Plan Types
Benefit Solutions Corp focuses specifically on custom design, implementation and administration qualified and retirement plans. We can help you maximize the benefits of your company by implementing the right plan:
- 401(k) Plans are a form of defined contribution plan where participants in the plan can elect to make a pre-tax contribution to a personal account through a salary reduction agreement. These plans can allow for employer matching contributions based on a set formula equal to a percentage of the participant's contribution. Usually, participants are allowed to direct the investment of the contributions.

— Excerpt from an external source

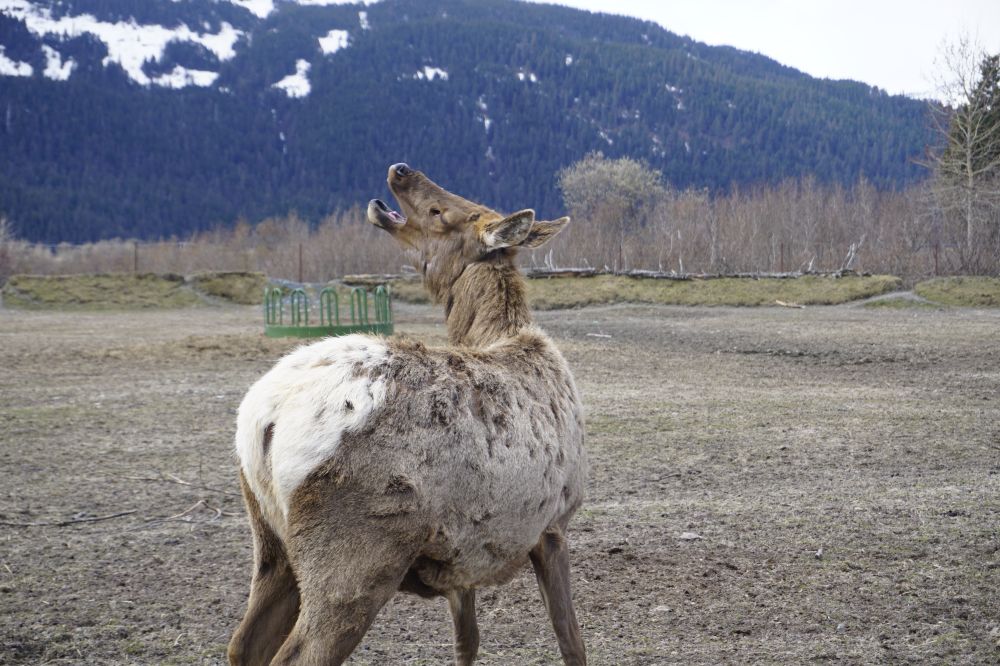 Alaska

- Safe Harbor Plans are designed to minimize the administrative costs and burdens associated with maintaining a retirement plan. Safe Harbor Plans avoid complicated I.R.S. non-discrimination rules associated with plan tax qualification by complying with two simple requirements: a timely written notice to plan participants, and a choice by the employer between two predetermined safe harbor contribution formulas. Under either safe harbor formula, the employer contributions are guaranteed and 100% owned by the plan participants.
- Profit Sharing Plans are a form of defined contribution plan used by employers to help encourage employee productivity by providing for participation in the company's profits. Employers can make annual contributions according to a predetermined formula or at the discretion of the board of directors. Contributions can even be made if the company experiences little or no profit.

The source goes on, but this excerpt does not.